James Bond is the most famous spy of all time, both in our world and the universe his movies take place in. Such as ‘Skyfall’ – out in DVD shortly. The mere mention of his name is enough to make bad guys everywhere quiver with fear and start putting chastity belts on their women because when James Bond is on the case, you know things are about to get heated. Guy just has a reputation.
And in there lies the problem because a spy that everyone has heard of would in reality be about as useful as the world’s most well-known secret. See, spying is in a lot of ways like peeing in the public pool: If you’re good at it, no one should ever know you’ve done it. However, if you want evidence of Bond’s presence and activity at any given place, you just need to follow the nearest, smoldering rubbles of blown-up mansions, crashed military equipment and lost virginities.
It’s not just the fact that Bond is about as conspicuous in his work as an explosion drabbed in a particularly colourful hat that makes him one of the worst spies in history. Even if we completely ignore the definition of a “secret agent” and think of Bond as a government operative with a license to do whatever he damn pleases, it’s still baffling that he hasn’t been locked-away in Super Prison yet.

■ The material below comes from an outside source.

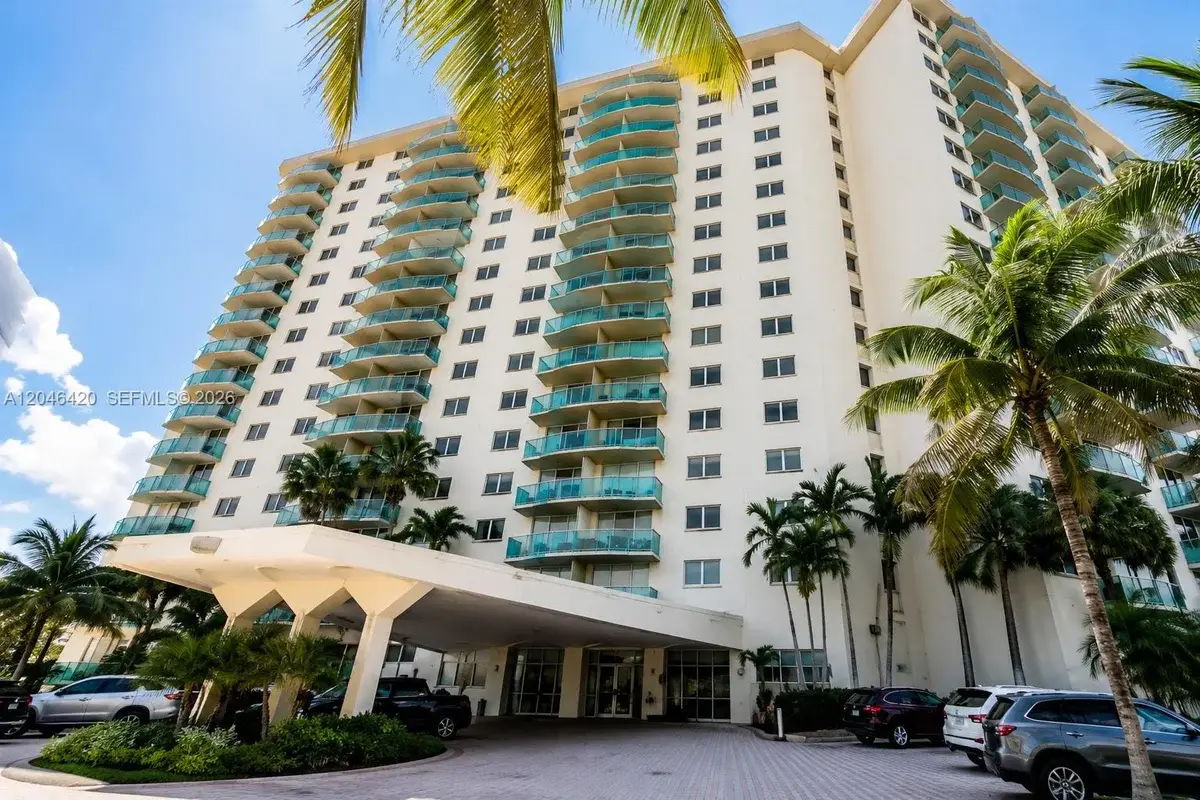 19370 Collins Ave #716, Sunny Isles Beach: photo 1 of 28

Let’s take the very first James Bond movie, ‘Dr. No’ (1962). In it, Bond is assigned to simply investigate the murder of an SIS agent but in the film’s climax he ends up destroying a terrorist nuclear reactor, probably transforming most of the surrounding area into ‘Chernobyl 2, Terribly Mutated Babies Boogaloo’.
Then in ‘Goldfinger’ (1964), Bond determines that the best way to investigate an international criminal is to come up to him, face fully exposed, and challenge him to a golf game because apparently James Bond is just like a rare, subatomic particle: He only exists when he is being observed.
There’s more. In ‘On Her Majesty’s Secret Service’ (1969) Bond is kidnapped by the head of one of the largest criminal organizations in Europe and offered his daughter’s hand in marriage, an offer which he eventually accepts. Now, if you turn to page 48 of the standard issue ‘MI6 Handy-Dandy Handbook’, you will see that marrying the daughter of a known criminal kingpin ranks just between “state treason” and “misplacing the nuclear launch codes” on the list of secret agents’ biggest No-nos.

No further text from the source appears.